*** Available records Section Begins ***

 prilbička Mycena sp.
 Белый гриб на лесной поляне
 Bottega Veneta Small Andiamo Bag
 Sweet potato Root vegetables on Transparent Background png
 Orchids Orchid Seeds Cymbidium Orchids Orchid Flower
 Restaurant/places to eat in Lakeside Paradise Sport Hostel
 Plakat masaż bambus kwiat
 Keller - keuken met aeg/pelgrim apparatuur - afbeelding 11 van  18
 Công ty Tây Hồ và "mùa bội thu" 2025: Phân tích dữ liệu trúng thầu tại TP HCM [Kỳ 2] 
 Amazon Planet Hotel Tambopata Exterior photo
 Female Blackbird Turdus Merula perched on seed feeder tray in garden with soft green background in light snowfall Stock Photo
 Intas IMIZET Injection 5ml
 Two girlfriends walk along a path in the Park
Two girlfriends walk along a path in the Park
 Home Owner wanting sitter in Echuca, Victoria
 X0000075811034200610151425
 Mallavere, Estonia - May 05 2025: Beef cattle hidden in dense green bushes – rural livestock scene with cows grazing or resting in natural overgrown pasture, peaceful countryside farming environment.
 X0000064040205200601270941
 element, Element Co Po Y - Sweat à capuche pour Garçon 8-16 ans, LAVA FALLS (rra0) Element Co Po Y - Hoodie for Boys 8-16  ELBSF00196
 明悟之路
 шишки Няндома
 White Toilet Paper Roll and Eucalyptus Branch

*** Available records Section Ends ***

## [Required action]
All of the entries are to be transcribed exactly.

## [Task result]
 prilbička Mycena sp.
 Белый гриб на лесной поляне
 Bottega Veneta Small Andiamo Bag
 Sweet potato Root vegetables on Transparent Background png
 Orchids Orchid Seeds Cymbidium Orchids Orchid Flower
 Restaurant/places to eat in Lakeside Paradise Sport Hostel
 Plakat masaż bambus kwiat
 Keller - keuken met aeg/pelgrim apparatuur - afbeelding 11 van  18
 Công ty Tây Hồ và "mùa bội thu" 2025: Phân tích dữ liệu trúng thầu tại TP HCM [Kỳ 2] 
 Amazon Planet Hotel Tambopata Exterior photo
 Female Blackbird Turdus Merula perched on seed feeder tray in garden with soft green background in light snowfall Stock Photo
 Intas IMIZET Injection 5ml
 Two girlfriends walk along a path in the Park
Two girlfriends walk along a path in the Park
 Home Owner wanting sitter in Echuca, Victoria
 X0000075811034200610151425
 Mallavere, Estonia - May 05 2025: Beef cattle hidden in dense green bushes – rural livestock scene with cows grazing or resting in natural overgrown pasture, peaceful countryside farming environment.
 X0000064040205200601270941
 element, Element Co Po Y - Sweat à capuche pour Garçon 8-16 ans, LAVA FALLS (rra0) Element Co Po Y - Hoodie for Boys 8-16  ELBSF00196
 明悟之路
 шишки Няндома
 White Toilet Paper Roll and Eucalyptus Branch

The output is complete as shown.